Ok so for example I have an array of strings with each string as below:
364VMS1029
364VMSH920
364VMSH192
364VMSU839
364VMN2382
364VMR223
364VMR2X3
364VMN829
364VMN8757
364VMN831
How can I dynamically get the program to recognise the common characters among all strings in the array, which in this case is 364VM
and filter them out?
If there’s no common character, then don’t do anything.
When you have a complicated problem that you can’t solve, try breaking it down into simpler problems and solve those.
Your problem rephrased:
Remove the common prefix and suffix from a list of strings.
A simpler problem would be:
Find the common prefix for a pair of strings.

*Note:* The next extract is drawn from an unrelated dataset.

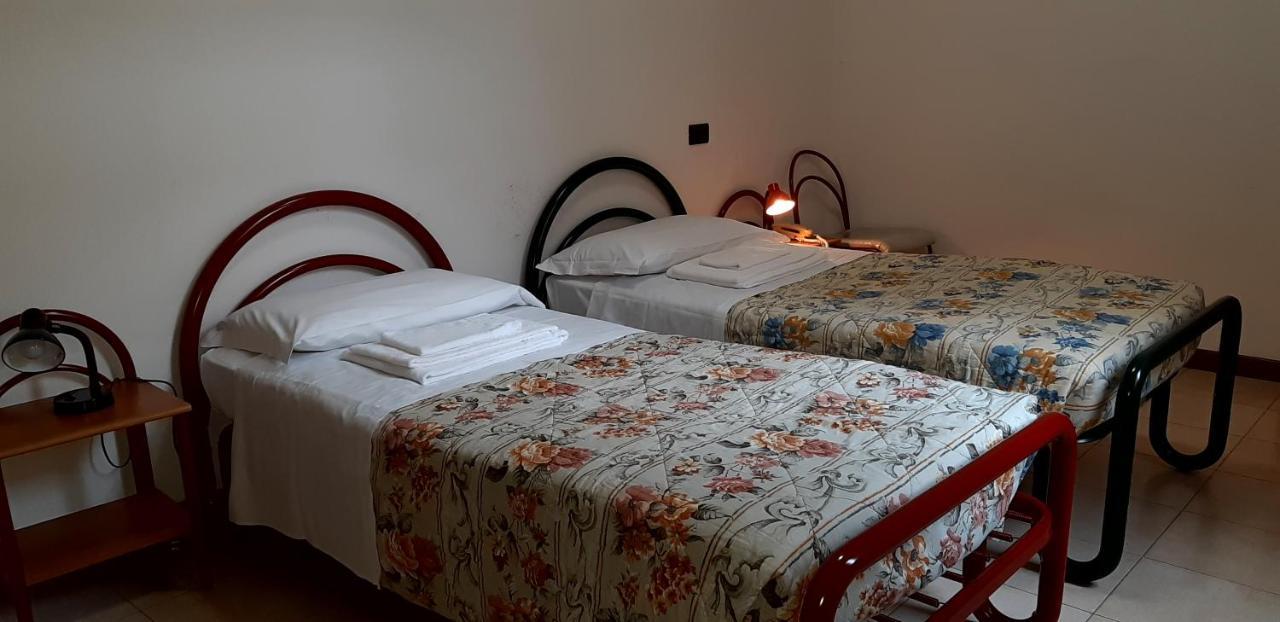 Casa Santa Caterina E Sant Antonio Hotell Padova Eksteriør bilde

This should be much simpler to solve, for example like this:
string GetPrefix(string first, string second)
{
int prefixLength = 0;
for (int i = 0; i < Math.Min(first.Length, second.Length); i++)
{
if (first[i] != second[i])
break;
prefixLength++;
}
return first.Substring(0, prefixLength);
}
Now that you have this, you can build back to the original problem:
Find the common prefix for a list of strings.

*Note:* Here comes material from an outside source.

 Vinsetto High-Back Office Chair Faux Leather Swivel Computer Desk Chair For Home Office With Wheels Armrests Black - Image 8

Here, it’s very helpful to realize that the prefix of three strings is the same as the prefix of the prefix of the first two strings and the third string. (Hmm, that sounds confusing, maybe it will be clearer in a more formal notation: prefix(A, B, C) = prefix(prefix(A, B), C).)
This means that you can use the LINQ method Aggregate()
on the GetPrefix()
method above to get the prefix of a whole list of strings:
string GetPrefix(IEnumerable<string> strings)
{
return strings.Aggregate(GetPrefix);
}
The next step:
Remove the common prefix from a list of strings.

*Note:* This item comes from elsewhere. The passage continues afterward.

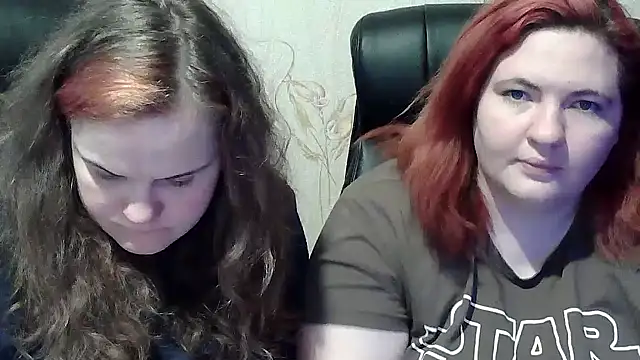 HollyXXXEva's cam snapshot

Now that we can find the common prefix, we can remove it using LINQ Select()
and Substring()
:
IEnumerable<string> RemovePrefix(IEnumerable<string> strings)
{
var prefix = GetPrefix(strings);
return strings.Select(s => s.Substring(prefix.Length, s.Length - prefix.Length));
}
This assumes you want to get a new sequence containing the filtered strings. If you want to modify an existing collection, use a for
loop instead of the Select()
.
One last step:
Remove the common prefix and suffix from a list of strings.
I’ll leave this as an exercise for the reader. This answer contains simple code for reversing a string, which could be helpful. (I think you don’t need the code from other answers to that question, since it looks like your strings are ASCII-only.)
You have to compare every character at the beginning of the strings to see how long the longest common prefix is, and stop once you’ve found a difference.
(Depending on how expensive string access is vs. sorting, you might save time by first sorting the list and then looking only at the first and last string – whatever they have in common will, by definition, also be common to all strings between them. But it is a matter of profiling to find out whether this saves or adds time.)
3